TASK BRIEF
The word "через" marks the lines to keep; find each one in the data and copy it.

SUPPLIED ENTRIES
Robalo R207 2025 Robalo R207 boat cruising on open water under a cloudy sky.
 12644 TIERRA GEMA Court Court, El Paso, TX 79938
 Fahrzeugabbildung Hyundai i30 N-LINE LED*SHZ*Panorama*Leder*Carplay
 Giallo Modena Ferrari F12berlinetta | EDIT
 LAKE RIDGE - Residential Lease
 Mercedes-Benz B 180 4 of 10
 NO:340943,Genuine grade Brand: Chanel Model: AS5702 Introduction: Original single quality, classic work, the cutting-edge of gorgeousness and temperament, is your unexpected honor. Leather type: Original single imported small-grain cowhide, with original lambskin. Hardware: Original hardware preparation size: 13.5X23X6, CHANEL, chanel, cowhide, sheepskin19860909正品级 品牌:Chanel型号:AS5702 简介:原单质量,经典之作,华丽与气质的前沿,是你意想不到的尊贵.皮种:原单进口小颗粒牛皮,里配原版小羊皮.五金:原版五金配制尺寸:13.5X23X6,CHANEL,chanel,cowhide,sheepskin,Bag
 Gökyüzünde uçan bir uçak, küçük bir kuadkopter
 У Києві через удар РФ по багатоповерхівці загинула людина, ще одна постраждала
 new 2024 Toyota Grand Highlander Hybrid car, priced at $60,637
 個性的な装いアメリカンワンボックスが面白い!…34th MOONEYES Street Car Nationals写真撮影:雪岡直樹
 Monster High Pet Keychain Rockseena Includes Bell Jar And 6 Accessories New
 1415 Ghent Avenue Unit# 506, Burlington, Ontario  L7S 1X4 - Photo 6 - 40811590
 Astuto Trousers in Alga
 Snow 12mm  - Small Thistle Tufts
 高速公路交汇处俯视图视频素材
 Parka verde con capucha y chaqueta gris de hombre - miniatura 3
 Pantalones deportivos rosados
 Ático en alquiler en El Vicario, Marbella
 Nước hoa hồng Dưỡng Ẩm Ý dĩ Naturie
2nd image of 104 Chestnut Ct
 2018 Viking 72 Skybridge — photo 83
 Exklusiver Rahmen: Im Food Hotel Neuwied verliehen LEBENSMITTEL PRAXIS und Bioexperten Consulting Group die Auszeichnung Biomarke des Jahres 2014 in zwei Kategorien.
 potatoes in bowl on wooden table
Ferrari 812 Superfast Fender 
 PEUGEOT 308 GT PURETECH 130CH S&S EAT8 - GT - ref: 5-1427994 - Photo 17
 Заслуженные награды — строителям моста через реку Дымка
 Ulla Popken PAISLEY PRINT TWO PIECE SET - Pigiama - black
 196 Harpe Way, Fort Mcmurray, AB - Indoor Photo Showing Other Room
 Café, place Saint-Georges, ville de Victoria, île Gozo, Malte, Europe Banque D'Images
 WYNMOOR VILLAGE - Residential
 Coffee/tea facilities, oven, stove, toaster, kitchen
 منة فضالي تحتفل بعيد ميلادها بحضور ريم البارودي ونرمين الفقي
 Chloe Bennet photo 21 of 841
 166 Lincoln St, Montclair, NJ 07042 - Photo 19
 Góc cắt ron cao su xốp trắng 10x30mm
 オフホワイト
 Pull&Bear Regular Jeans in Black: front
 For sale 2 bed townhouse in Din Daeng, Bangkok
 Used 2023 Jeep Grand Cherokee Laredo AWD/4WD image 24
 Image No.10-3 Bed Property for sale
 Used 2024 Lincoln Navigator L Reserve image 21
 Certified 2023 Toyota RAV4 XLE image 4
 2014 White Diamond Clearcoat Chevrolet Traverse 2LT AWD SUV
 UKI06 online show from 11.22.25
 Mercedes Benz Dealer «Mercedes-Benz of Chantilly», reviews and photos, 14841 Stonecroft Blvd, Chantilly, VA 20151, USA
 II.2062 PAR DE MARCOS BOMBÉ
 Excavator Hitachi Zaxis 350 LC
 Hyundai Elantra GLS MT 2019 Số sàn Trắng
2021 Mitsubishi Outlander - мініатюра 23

ANSWER BELOW
 У Києві через удар РФ по багатоповерхівці загинула людина, ще одна постраждала
 Заслуженные награды — строителям моста через реку Дымка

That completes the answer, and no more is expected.